This invention relates to a control circuit for controlling the starting of a gas discharge lamp powered by an electronic ballast. More specifically, it relates to controlling the pre-heat time of a gas discharge lamp by holding off the full striking voltage until the filaments have had sufficient time to pre-heat.
Many present day gas discharge lamps are powered by electronic ballasts which operate the lamp at a frequency above 25 kHz to obtain higher efficiency than what is possible with 60 Hz operation. Many electronic ballasts consist of a rectifier to convert 60 Hz AC to DC, a boost circuit to increase the DC voltage and achieve power factor correction, and an inverter to convert the DC to high frequency AC.
Several pre-heating techniques are currently known in the prior art. Many present day ballasts preheat the lamp filaments with a voltage supplied from the inverter before the boost circuit comes on. Once the boost circuit starts, the voltage at the ballast output terminals will rise to a level sufficient to strike the lamp arc. An example of this technique is shown in U.S. Pat. No. 5,650,925 titled "Diode Clamping Arrangement for Use in Electronic Ballasts." This technique is not applicable in ballast circuits that do not use active power factor correction.
Another pre-heating technique is to use frequency shifting. This technique is illustrated in German laid open patent application DE 3208607 titled, "Ballast for at least one load which is periodically ignited and powered by a generator." It is also shown in U.S. Pat. No. 4,935,669 titled, "Two mode electronic ballast." These patents show a ballast circuit that operates at a high initial frequency that is approximately double the full load switching frequency of the resonant inverter output circuit. During this initial high frequency operation, the voltage developed in the resonant circuit is insufficient to light the lamp. After the lamp filaments are heated, the frequency is reduced to the full-load switching frequency and the voltage across the resonating inverter output circuit rises to cause the lamp arc to strike. This frequency shifting approach suffers from requiring a complicated circuit to adjust the operating frequency.
A third preheating technique utilizes a thermistor to reduce the ballast output voltage during preheating. This technique, shown in U.S. Pat. No. 4,647,817, has reduced efficiency because the thermistor dissipates substantial heat even after it has changed to a high-resistance state.

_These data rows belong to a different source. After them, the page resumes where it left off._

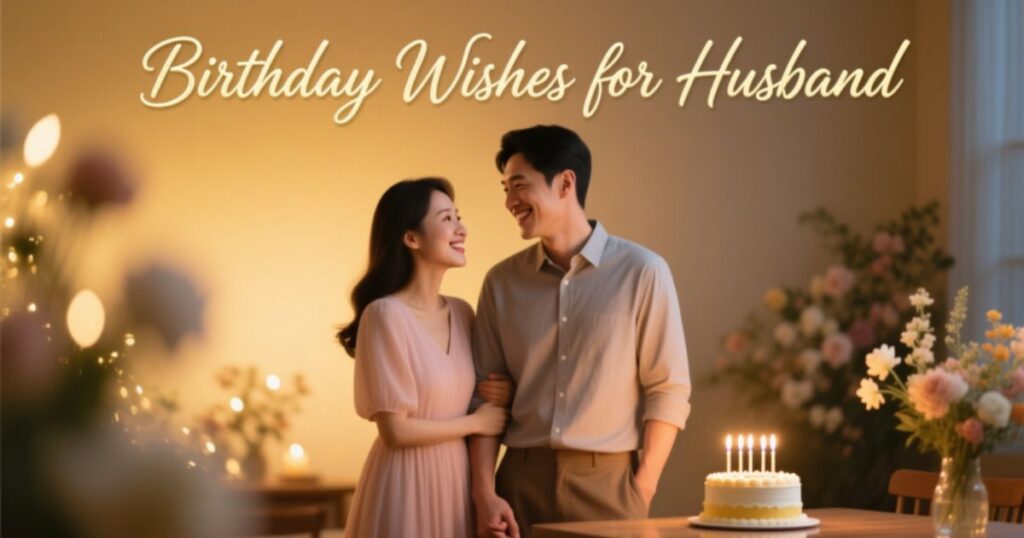 135 Best Birthday Wishes for Your Husband, From Sweet to Funny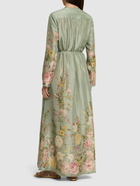 ZIMMERMANN Waverly Printed Linen Billow Maxi Dress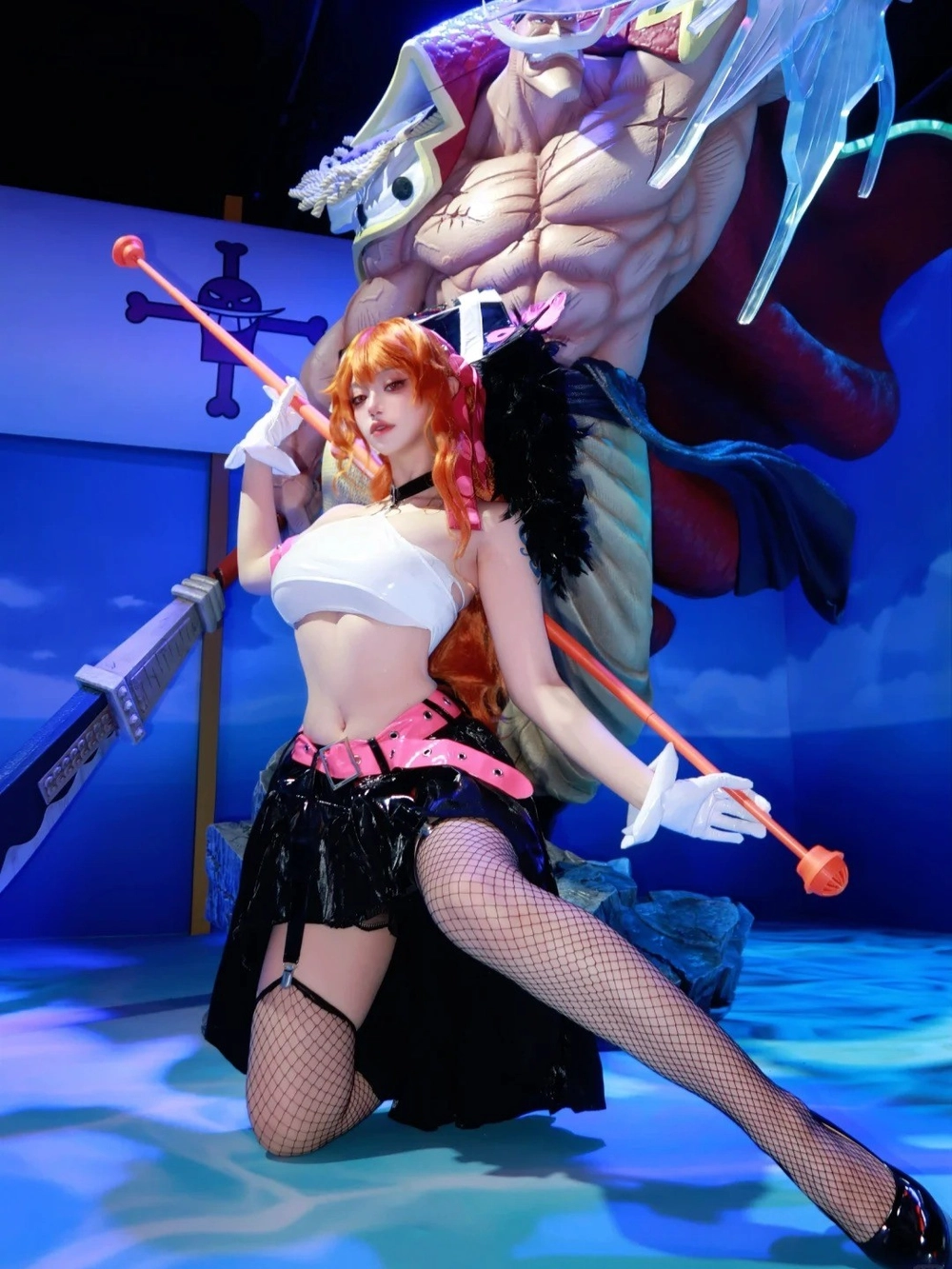 Graceful and alluring Nami cosplay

Several symmetry control circuits have been shown in the prior art. One is shown in U.S. Pat. No. 5,583,402 titled "Symmetry Control Circuit and Method." This circuit shows a symmetry control circuit which modulates the duty cycle of the lower transistor in a half-bridge configuration in order to dim the lamps. A second symmetry control circuit is shown in U.S. Pat. No. 4,983,887. This patent discloses using the symmetry control technique to modulate the duty cycle of the lower transistor in a half-bridge configuration in order to limit the open circuit voltage during ballast operation in order to prevent damage to components in the circuit. A third symmetry control circuit is shown in German patent DT 3338464 titled, "High Frequency Brightness Control Device for Fluorescent Lamps." This circuit shows a symmetry control circuit which modulates the duty cycle of the lower transistor in a half-bridge configuration in order to dim the lamps. It does not show controlling the ballast for pre-heating the lamp. None of these three patents teach using symmetry control for lamp pre-heating.

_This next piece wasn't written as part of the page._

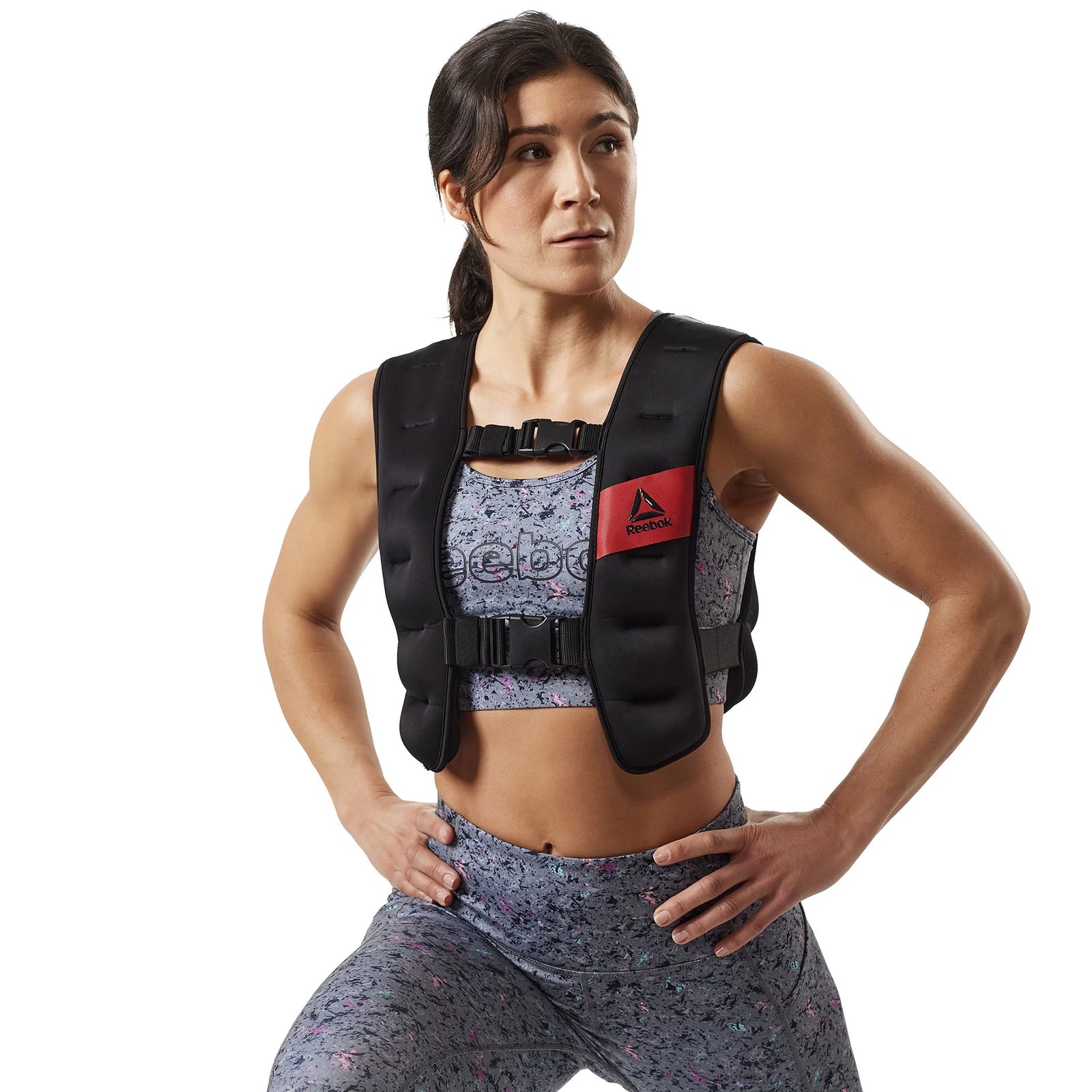Reebok Weighted Vest 12Lb, Adjustable Fit, Reflective Elements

Another symmetry control circuit is shown by a ballast produced in February of 1994 in Italy by MagneTek S.p.A. This ballast employs a symmetry control technique to control the duty cycle of the lower transistor in a half-bridge inverter during start-up and operation. The inverter is self-oscillating. The schematic of this ballast shows a NPN transistor Q5 that is used to adjust the duty cycle of the lower power switch Q3 by turning Q3 off before the time when it would naturally turn off. A capacitor C3 is linked to the midpoint of the half bridge, and is discharged when Q3 turns on. A PNP transistor Q8 is biased to form a current source that is connected to capacitor C3, and begins to charge it after it is discharged. When C3 is sufficiently charged, a PNP transistor Q4 turns off, and NPN transistor Q5 turns on, which turns off transistor Q3, thereby limiting the duty cycle of transistor Q3. During preheating, the charging current provided by Q8 is held high by a timer circuit, and the duty cycle of Q3 is held low so that the ballast output voltage will be low. After the preheat interval, a regulator circuit controls the current provided by Q8, which adjusts the duty cycle of Q3 so that the lamp current can be maintained at the desired level. This ballast requires a large number of components, and is expensive to produce.
An unmet need currently exists in the field of ballast design for a simple, inexpensive and efficient circuit to provide filament heating, especially for ballasts without boost power factor correction. This need can be met with a circuit that shifts the symmetry of the square-wave inverter voltage during preheating to produce a low ballast output voltage while the filaments are being heated. After the filaments have had sufficient time to become heated, then the symmetry control is removed and the ballast output voltage rises to a level that allows the lamp to strike.